Happy Halloween reading!
The happily ever after is never the end. The curtain doesn’t fall once love is recognized or evil is vanquished. Credits don’t roll once the giant is slain or the big bad wolf is boiled alive. Wicked stepsisters, malevolent rulers, and hideous creatures still have lives after their sinister roles play out; heroes, lovers, and dreamers often find their victories lead to more troubles.
Within these pages are more than seventy continuations, retellings, and eldritch stories that explore the dark forests, magical castles, and hideous creatures After the Happily Ever After.
Here is the awesome cover for the upcoming After the Happily Ever After (AHEA) anthology by Transmundane Press, to be released December 15. This massive anthology transforms well-known fables into darker, more fantastical tales. I’m quite pleased that my story “Wolves in Sheep’s Clothing” has been selected to be part of this anthology.
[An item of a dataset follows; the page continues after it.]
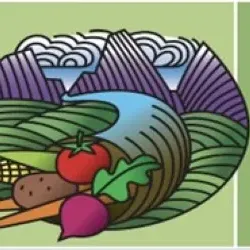 Teton Valley Farmers Market - Driggs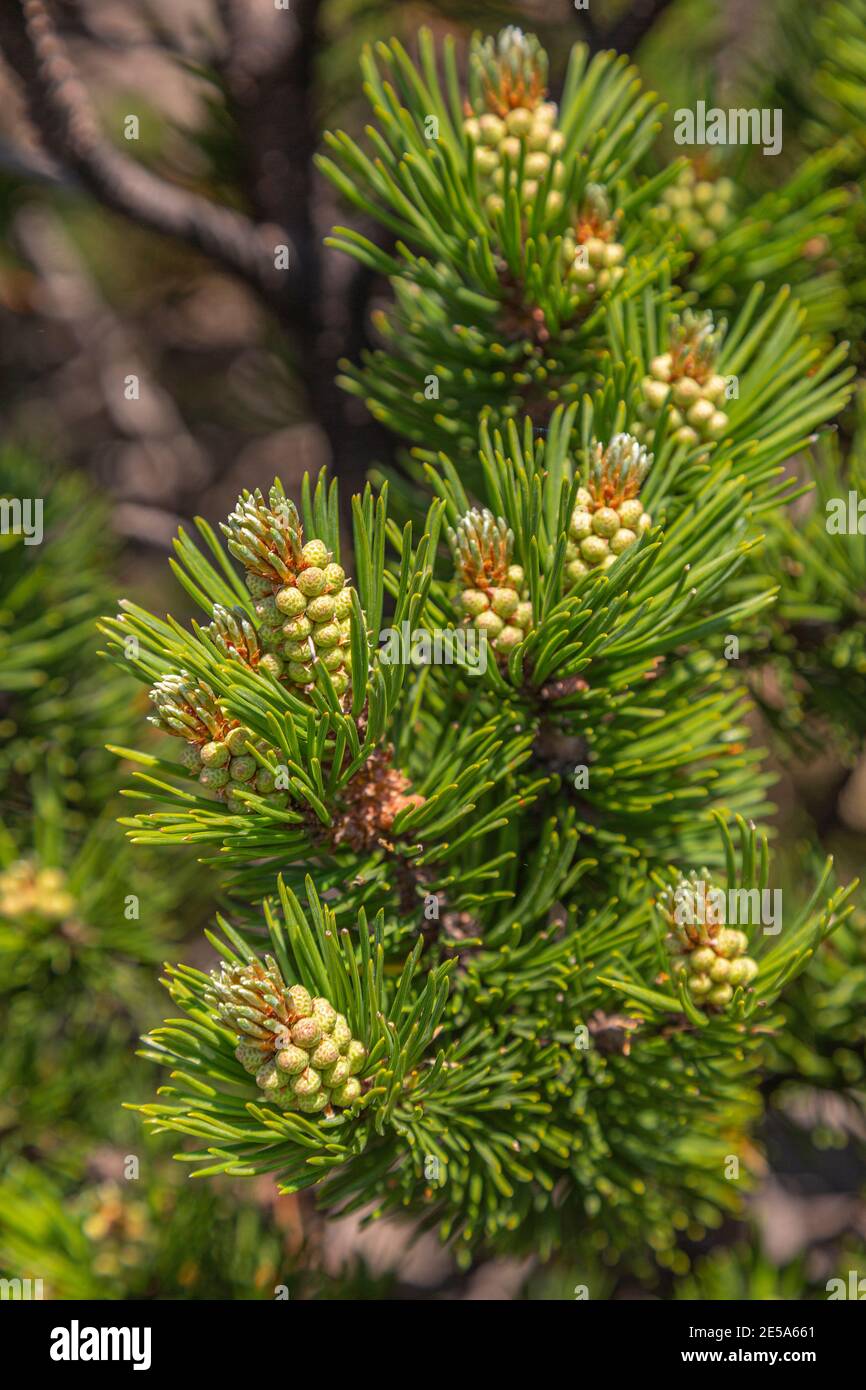 Fiori di pino di montagna o pino di montagna. Abruzzo, Italia, Europa Foto Stock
The Wolf and three little (bullying) pigs feature in my fable transformation merging Disney and Grimm worlds. While it’s a fantasy story, the horror writer in me couldn’t help but include a Grimm ending. Here is a teaser:
A thin spray squirted out of the speaker, covering Wolf in a malodorous mist.
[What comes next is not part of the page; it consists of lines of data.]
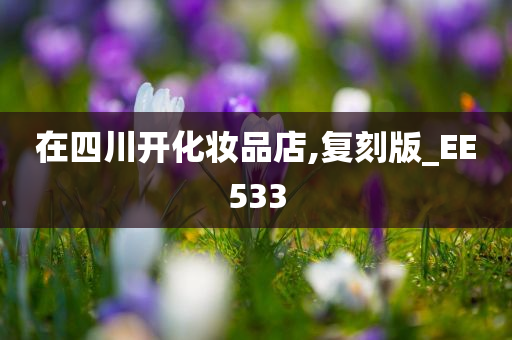 在四川开化妆品店,复刻版_EE533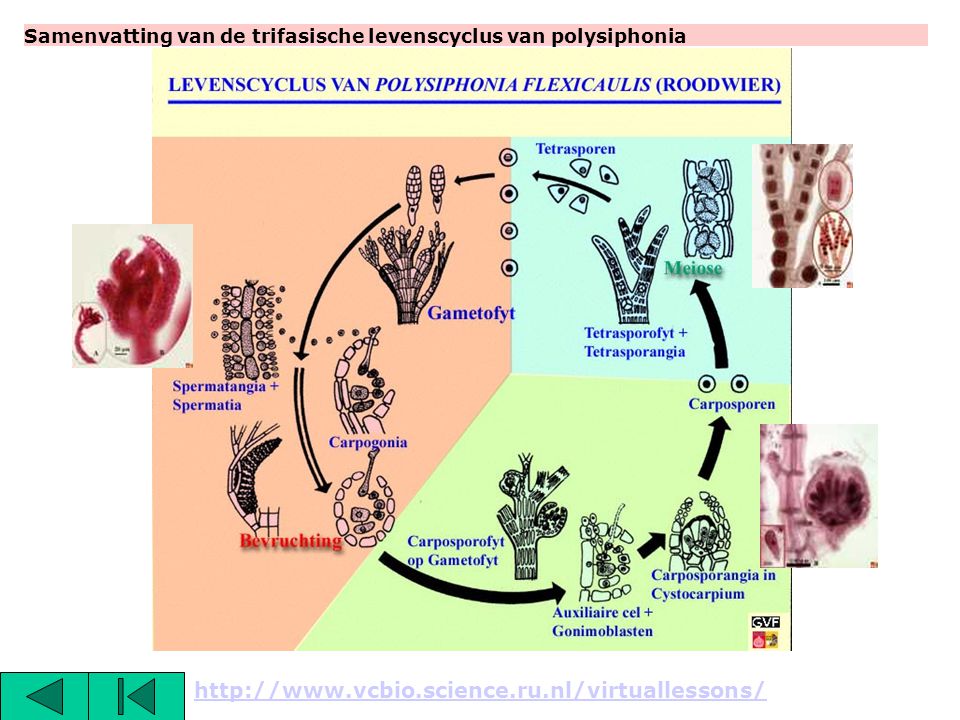 Samenvatting van de trifasische levenscyclus van polysiphonia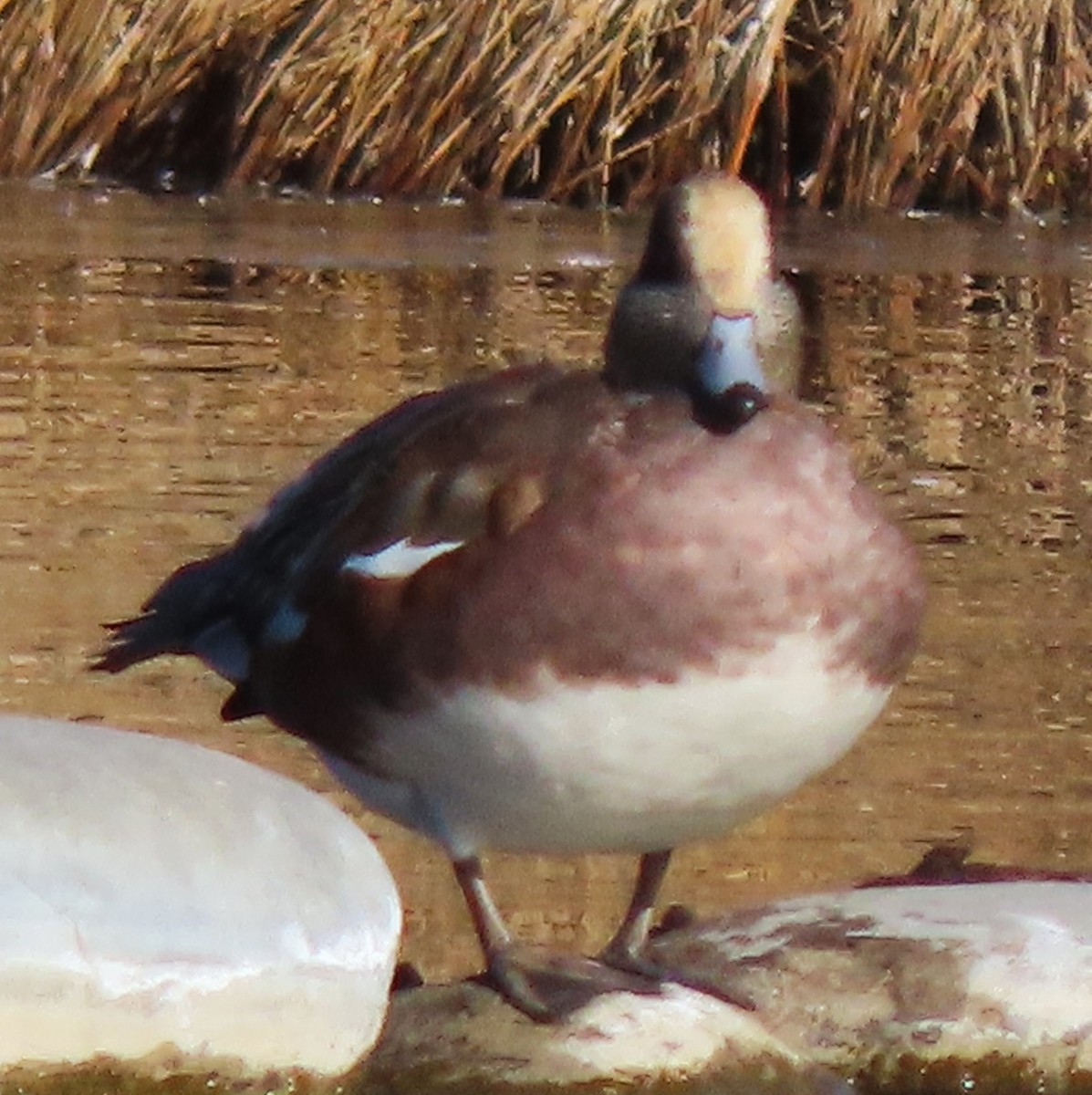 American Wigeon - ML645214858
“Arrgh, pigsty stink.” He moved out of sight of the camera and spat.
“I gave you fair warning. Leave before we take it up a notch.”
“Little pig, little pig, please let me in.”
“Not by the hair of my chinny chin chin.” Laugher burst out of the speakers, Fifer and Fiddler’s laughter joining their brother’s.
Three for one. Wolf licked his snout. He grimaced and spat, the taste of pigsty flaring anew in his mouth.
“That’s enough. Release Mr. D., or I will tear your house down.”
“I’d like to see you try,” Fifer said. “You should enlist reinforcements stronger and scarier than you.”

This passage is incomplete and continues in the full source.